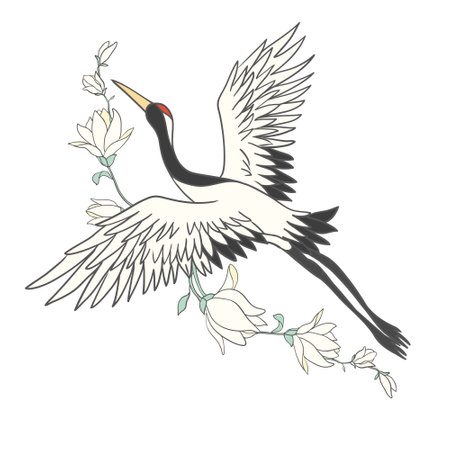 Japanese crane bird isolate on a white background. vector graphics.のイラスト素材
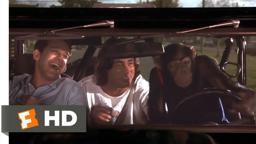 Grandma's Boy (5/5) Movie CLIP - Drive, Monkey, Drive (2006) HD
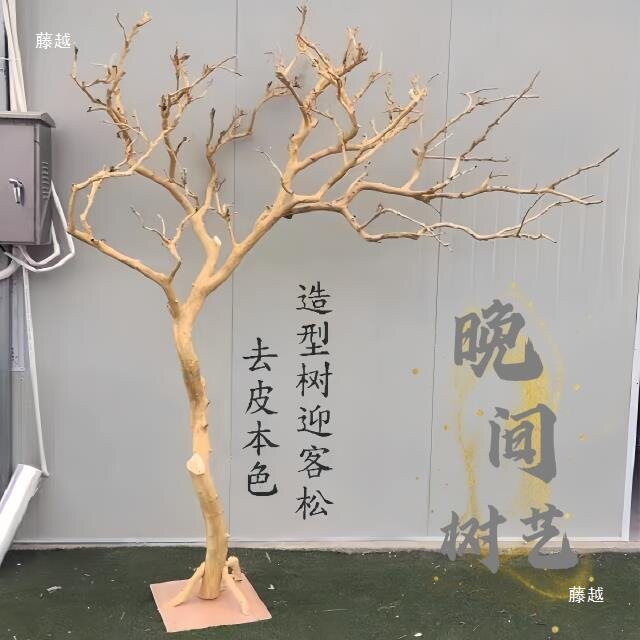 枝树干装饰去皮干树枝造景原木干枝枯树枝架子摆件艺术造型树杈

-=-=-=-=-

▶ _Exercise directions_:
Print once more, exactly, the lines from the one with "Grandma's Boy (5/5)" through the last line of the data, both ends included, without any pictures.

▶ _Written solution_:
 Grandma's Boy (5/5) Movie CLIP - Drive, Monkey, Drive (2006) HD
 枝树干装饰去皮干树枝造景原木干枝枯树枝架子摆件艺术造型树杈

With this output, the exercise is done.